5. A isto acresce que, considerando o valor máximo da 'moldura' de condenação em custas previsto no artigo 7º do Decreto-Lei n.º 303/98, de 7 de Outubro (50 unidades de conta), bem como os critérios de fixação da taxa de justiça previstos no artigo 9º (com atenção à complexidade e natureza do processo, à relevância dos interesses em causa e à actividade contumaz do vencido), não pode dizer-se que o valor das custas seja em si desproporcionado ou excessivo – concluindo igualmente no sentido da inexistência de inconstitucionalidade de condenações em custas com base no artigo 7º do Decreto-Lei n.º 303/98, v. os Acórdãos n.ºs 141/99 e 315/99 (ambos inéditos). Considerando, no caso concreto, a decisão de condenação em custas contida no Acórdão n.º 644/99, verifica-se que, prevendo o artigo 7º do Decreto-Lei n.º
303/98 a possibilidade de fixação da taxa de justiça entre 5 e 50 unidades de conta, naquele Acórdão se fixou tal taxa em 15 unidades de conta. Isto é, fixou-se um valor bem abaixo mesmo de metade da moldura legalmente prevista, que não pode ser considerado excessivo ou desproporcionado. Como se disse é, aliás, logo a especificidade da intervenção do Tribunal Constitucional que impossibilita a comparação directa com o valor das custas noutros tribunais, para afirmar a existência de uma desproporção. Não procede, pois, a alegação de violação do princípio da proporcionalidade.

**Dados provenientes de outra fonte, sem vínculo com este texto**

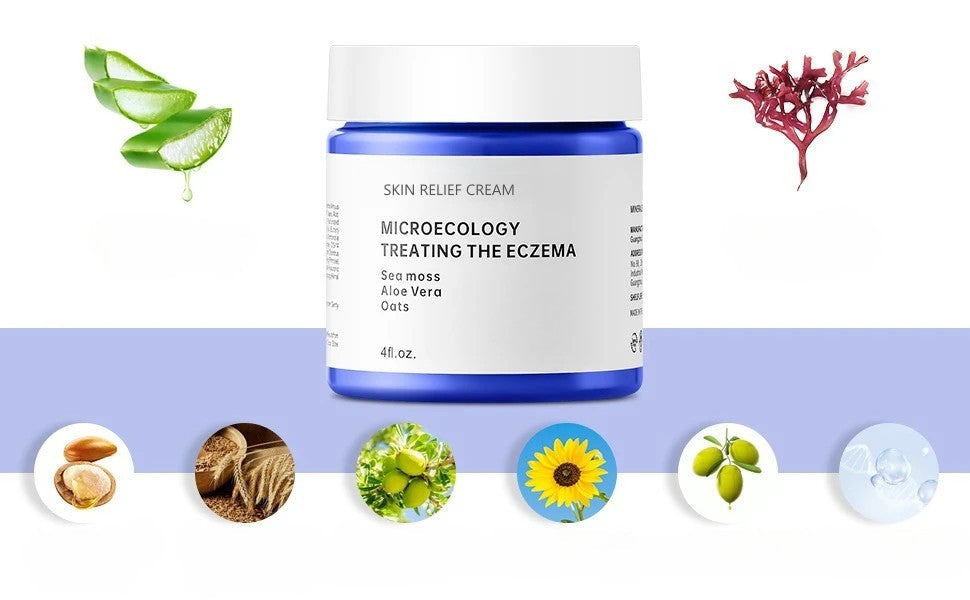 Eczema Relief Cream with Aloe Vera Oats Soothing Skin Moisturizer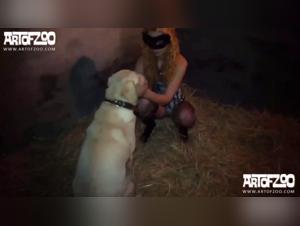 Blonde Sex with Dog, Untamed Passion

6. A inconstitucionalidade orgânica do artigo 7º do Decreto-Lei n.º 303/98, de 7 de Outubro adviria, para o reclamante, do facto de este ter sido prolatado pelo Governo, no exercício de competência própria, quando a decisão de tributar processos judiciais respeita ao exercício do direito fundamental de acesso aos tribunais, sendo carecida de autorização legislativa, nos termos do artigo 165º, n.º 1, alínea b), da Constituição. Acontece, porém, que, como é sabido, tal 'decisão de tributar processos judiciais' (nas palavras do reclamante) consta, no caso do regime de custas no Tribunal Constitucional, do artigo 84º ('Custas, multas e indemnização') da respectiva Lei de Organização, Funcionamento e Processo (Lei n.º 28/82, de 15 de Novembro, alterada pelas Leis n.ºs 143/85, de 26 de Novembro, 85/89, de 7 de Setembro, 88/95, de 1 de Setembro, e 13-A/98, de 26 de Fevereiro – a redacção por esta última é a aplicável ao caso). Ou seja, a imposição de custas resulta de uma lei aprovada pela Assembleia da República, e de uma 'decisão' parlamentar. Em particular no que toca às reclamações, preceitua o n.º 4 deste artigo 84º:
'4 — As reclamações para o Tribunal Constitucional, e bem assim as reclamações de decisões por este proferidas, estão sujeitas a custas, quando indeferidas.' E diz o n.º 5 do mesmo artigo:
'5 — O regime das custas previstas nos números anteriores, incluindo o das respectivas isenções, será definido por decreto-lei.' O que o artigo 7º do Decreto-Lei n.º 303/98 faz mais não é, pois, do que concretizar a previsão de existência de custas nas reclamações, constante do artigo 84º, n.º 4, da Lei do Tribunal Constitucional, fixando os seus montantes. Ora, para tal concretização – em execução, aliás, do que se prevê na própria lei parlamentar, no artigo 84º, n.º 5 –, não se torna necessária lei da Assembleia da República, nem qualquer habilitação, por autorização legislativa, do Governo. O artigo 7º do Decreto-Lei n.º 303/98, de 7 de Outubro não é, pois, organicamente inconstitucional.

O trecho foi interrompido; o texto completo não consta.